# Thoughts on Kohetsu knives?



## Miley (Mar 2, 2017)

I just got a Kohetsu hap40 petty and I love it, it holds an edge like no other knife I've owned, nice profile too. Anybody try any of the other Kohetsu knives? Who is the blacksmith?


----------



## Jovidah (Mar 2, 2017)

It's a house-brand... so most likely the different lines in all kinds of different steels are from different makers / manufacturers. No clue who actually makes the HAP40 stuff; have seen similar looking knives sold under the brand 'CoSay' (cleancut had them at some point) but I think that was just a brand name as well. 
It's not too surprising it holds an edge well; HAP-40 looks like a pretty badass alloy.


----------



## Nemo (Mar 2, 2017)

I find that hap40 has brilliant edge retention related to board use but it loses the razor sharpness over time (whether used or not). It's semi-stainless and quite high carbon, so I wonder whether there is slow micro corrosion at the edge?

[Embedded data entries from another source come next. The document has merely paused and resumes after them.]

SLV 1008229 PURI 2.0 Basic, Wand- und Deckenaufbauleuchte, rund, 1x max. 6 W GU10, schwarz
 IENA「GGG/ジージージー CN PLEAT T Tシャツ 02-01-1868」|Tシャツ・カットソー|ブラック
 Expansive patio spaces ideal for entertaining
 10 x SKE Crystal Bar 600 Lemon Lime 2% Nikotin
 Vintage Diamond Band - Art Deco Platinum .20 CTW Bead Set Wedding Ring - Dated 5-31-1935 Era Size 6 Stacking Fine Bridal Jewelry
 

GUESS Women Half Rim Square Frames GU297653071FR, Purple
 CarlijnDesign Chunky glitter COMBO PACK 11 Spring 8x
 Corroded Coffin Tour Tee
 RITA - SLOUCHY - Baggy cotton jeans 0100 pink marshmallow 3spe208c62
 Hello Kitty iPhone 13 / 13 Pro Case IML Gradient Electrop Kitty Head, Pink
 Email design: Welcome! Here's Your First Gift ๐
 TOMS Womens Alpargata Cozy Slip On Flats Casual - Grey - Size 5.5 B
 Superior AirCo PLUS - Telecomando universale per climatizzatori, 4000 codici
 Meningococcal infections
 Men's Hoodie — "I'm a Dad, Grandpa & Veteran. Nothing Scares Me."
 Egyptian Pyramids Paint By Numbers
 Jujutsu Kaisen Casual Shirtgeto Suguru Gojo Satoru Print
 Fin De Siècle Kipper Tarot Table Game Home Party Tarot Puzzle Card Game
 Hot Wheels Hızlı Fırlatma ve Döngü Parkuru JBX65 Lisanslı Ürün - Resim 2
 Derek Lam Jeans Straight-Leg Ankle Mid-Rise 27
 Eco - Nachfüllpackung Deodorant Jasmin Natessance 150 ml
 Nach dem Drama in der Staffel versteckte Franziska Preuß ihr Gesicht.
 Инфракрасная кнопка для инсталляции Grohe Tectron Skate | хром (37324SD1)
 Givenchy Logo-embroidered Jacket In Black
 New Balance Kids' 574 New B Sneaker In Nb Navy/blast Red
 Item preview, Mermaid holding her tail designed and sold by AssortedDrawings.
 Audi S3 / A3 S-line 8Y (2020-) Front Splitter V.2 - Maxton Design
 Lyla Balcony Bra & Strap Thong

The main reason I don't use them (mine are Gihei) a lot is the thin flat grind (poor food release). For me, profile, grind and HT are more important than steel selection in determining the utility of a knife.


----------



## GRoc (Mar 2, 2017)

Initially I thought that Gihei was making the Kohetsu HAP40 too, or maybe an initial batch, but now i am not sure


----------



## Miley (Mar 3, 2017)

Your right the razor edge seems to fade but it holds an edge right below razor sharpness for a lot longer than my blue 2 yoshihiro, my Kurosaki AS or Fernandez 52100. I use it for much longer between sharpening sat work. Hap 40 is amazing


----------